1 Introduction to R and R Studio

1.1 Powerful Statistical language: R

Without a doubt, R is nibbling at other programming languages popularly used by data scientists or statisticians due to its free, open-source, and active community full of great researchers. Most statisticians use R to analyze data, fit models, conduct research, or even write papers. Researchers and many other software engineers are contributing to the R community. All those cooperations are helping R become one of the world’s most remarkable statistical programming languages. R Studio, REvolution, GGplot2, and Shiny App are a few great tools in this community that play a significant role in making this language great.

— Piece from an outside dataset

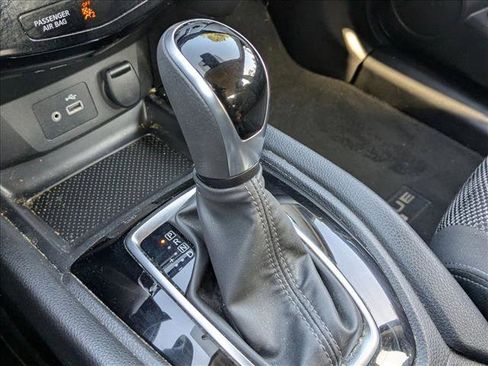 Used 2019 Nissan Rogue Sport SV image 12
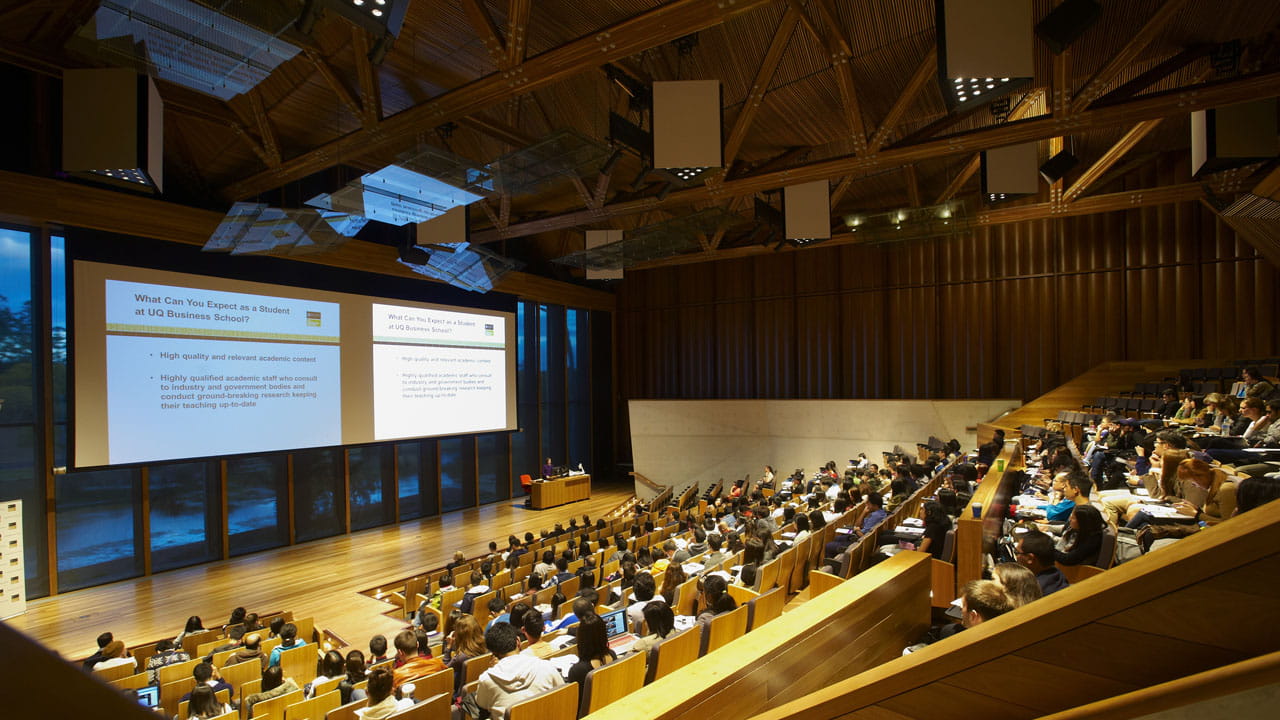Aurecon worked closely with the university’s instrumentation specialists to develop innovative systems that measure building dynamics.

For people who want to study frontier statistical methodologies, R helps them to be able to focus on the implementation of statistical methods. One can quickly implement new estimation methods or algorithms for simulation or comparison purposes. Meanwhile, a researcher can soon develop R packages of his proposed tool. The package makes the tool usable, maybe after the method is published. This fast development of newly published methods could not happen a couple of years ago when statisticians knew little about software development. However, with an easy developing process of R packages, researchers in bioinformatics, statistics, and computer science, can develop an R package for their new methods very quickly. Then, other researchers can apply the latest techniques in the packages to accelerate their research or business, just as simply as clicking a button in SPSS. Likewise, practitioners can also develop a package for their projects. Their packages become a product of their intellectual property that can be used in the future (they don’t necessarily need to publish their packages to the public). Although open source software usually faces issues like lack of maintenance or security, it makes the flow of knowledge seamless.

And it is easy to learn how to use a package in R. Here is the tutorial: https://shiny.rstudio.com/tutorial/

1.2 Extreme Stong IDE: R Studio

R Studio is a very active community to enrich functions of R. There are several great features I want to emphisis and recommend.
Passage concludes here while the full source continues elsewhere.